Der Vizepräsident und China-Skeptiker Lai Ching-te, auch bekannt als William Lai, hat die Präsidentenwahl in Taiwan gewonnen. Der 64-jährige Politiker von der Demokratischen Fortschrittspartei (DPP) kam auf 40,2 Prozent der Stimmen, wie die Wahlkommission am Samstag nach Auszählung von 98 Prozent der Stimmen mitteilte. Sein Widersacher, der von der chinafreundlichen Kuomintang (KMT) aufgestellte Hou Yu-ih, erhielt 33,4 Prozent und räumte seine Niederlage ein.

Somit dürfte Chinas kommunistische Führung den Druck auf Taiwan fortsetzen. Peking zählt die Inselrepublik zum Gebiet Chinas, obwohl Taiwan seit Jahrzehnten eine unabhängige und demokratisch gewählte Regierung hat. Peking, das die für eine Unabhängigkeit Taiwans stehende DPP als separatistisch ansieht, hatte den Kontakt mit Taipeh 2016 eingefroren.

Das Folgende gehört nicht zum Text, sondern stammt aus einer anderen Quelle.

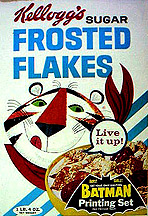 Thurl Ravenscroft 1914-2005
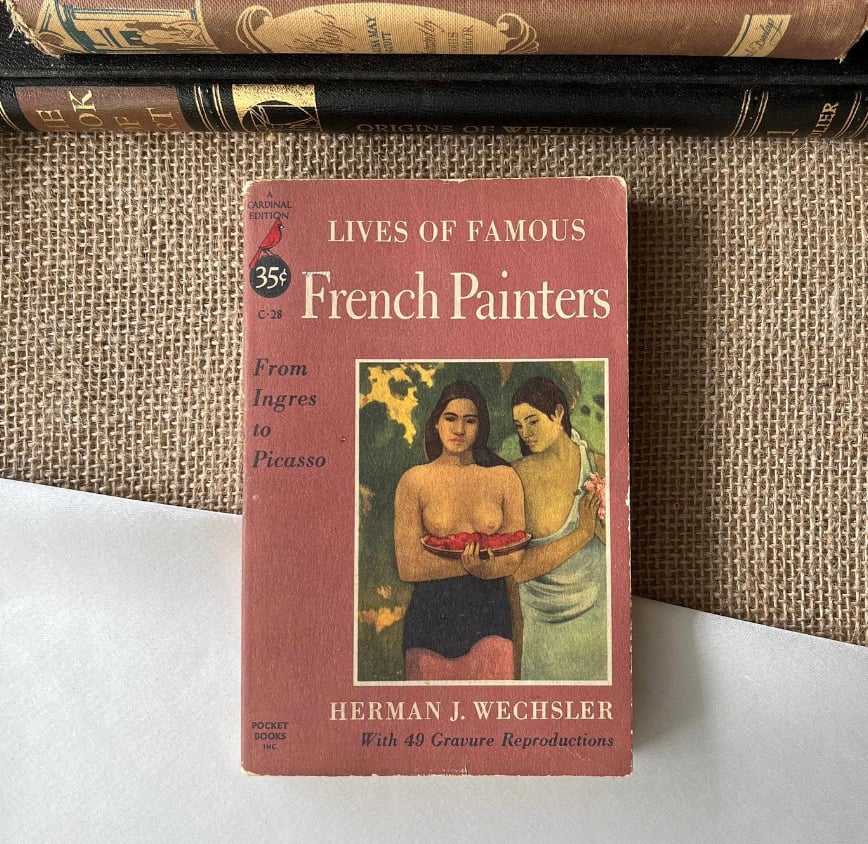 French Painters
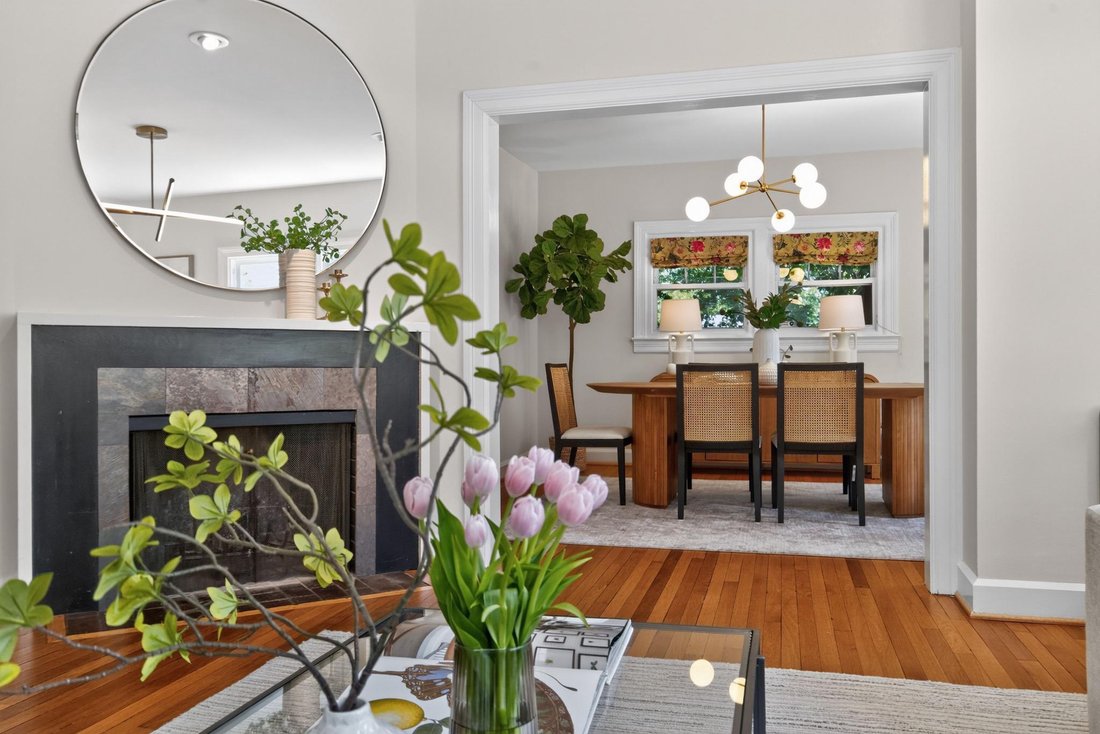 House in Arlington, Virginia, United States 1 - 18445578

China will weiterhin Wiedervereinigung

Nach dem Wahlsieg Lais meldete sich Peking zu Wort:  China bekräfitgte die „unausweichliche“ Wiedervereinigung mit der in Pekings Augen abtrünnigen Provinz. Die Wahl werde dies nicht verhindern, erklärte der Sprecher des Büros für taiwanische Angelegenheiten in Peking, Chen Binhua, in einer von der staatlichen Nachrichtenagentur Xinhua veröffentlichen Mitteilung am Samstag.  Binhua erklärte, China werde keine „separatistischen Aktivitäten“ auf der selbstverwalteten Insel dulden. „Wir werden uns an den Konsens von 1992 halten, der das Ein-China-Prinzip verkörpert“, hieß es weiter. Auch „ausländische Einmischung“ lehne Peking in diesem Zusammenhang ab.

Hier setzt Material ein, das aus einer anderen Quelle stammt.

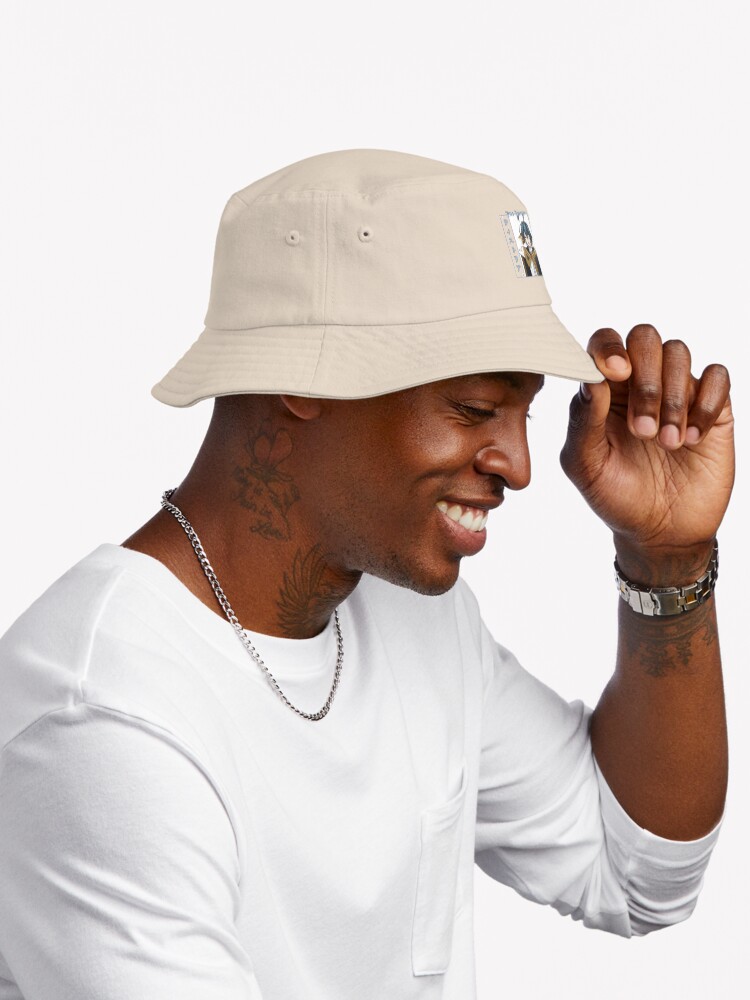 Anime Wistoria: Wand and Sword Will Serfort Fantasy Bucket Hat - Image 3
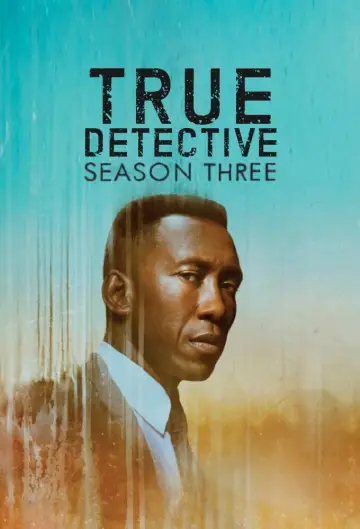 Постер к сериалу "Настоящий детектив" #1516112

Noch während der Auszählung am Samstag räumten beide Rivalen ihre Niederlage ein. Der Ausgang der zeitgleichen Parlamentswahl stand zunächst nicht fest. Sie ist für die weitere Entwicklung der komplizierten Beziehung zu China wichtig, das das demokratisch regierte und industriell hoch entwickelte Taiwan als abtrünnige Provinz betrachtet. Die Regierung in Peking hatte Lai vor der Abstimmung als einen gefährlichen Separatisten bezeichnet.

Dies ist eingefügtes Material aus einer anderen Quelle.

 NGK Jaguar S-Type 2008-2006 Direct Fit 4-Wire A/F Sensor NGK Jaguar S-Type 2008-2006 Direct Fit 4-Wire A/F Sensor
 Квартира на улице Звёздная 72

Man habe der Welt gezeigt, wie sehr man die Demokratie liebe, erklärte der 64-jährige Lai in einer ersten Stellungnahme. Das Volk von Taiwan habe erfolgreich einer Einflussnahme von außen widerstanden. Gegen Lai waren Hou Yu-ih von der nationalistischen Kuomintang (KMT) und Ko Wen-je von der Taiwanischen Volkspartei (TTP) angetreten. Die KMT steht für engere Beziehungen zu China, sie dementiert jedoch pro-chinesisch zu sein. Die TTP will auch die Fühler nach China ausstrecken, aber zugleich die Demokratie in Taiwan erhalten. Taiwans bisherige Präsidentin Tsai Ing-wen durfte nach zwei Amtszeiten nicht erneut antreten.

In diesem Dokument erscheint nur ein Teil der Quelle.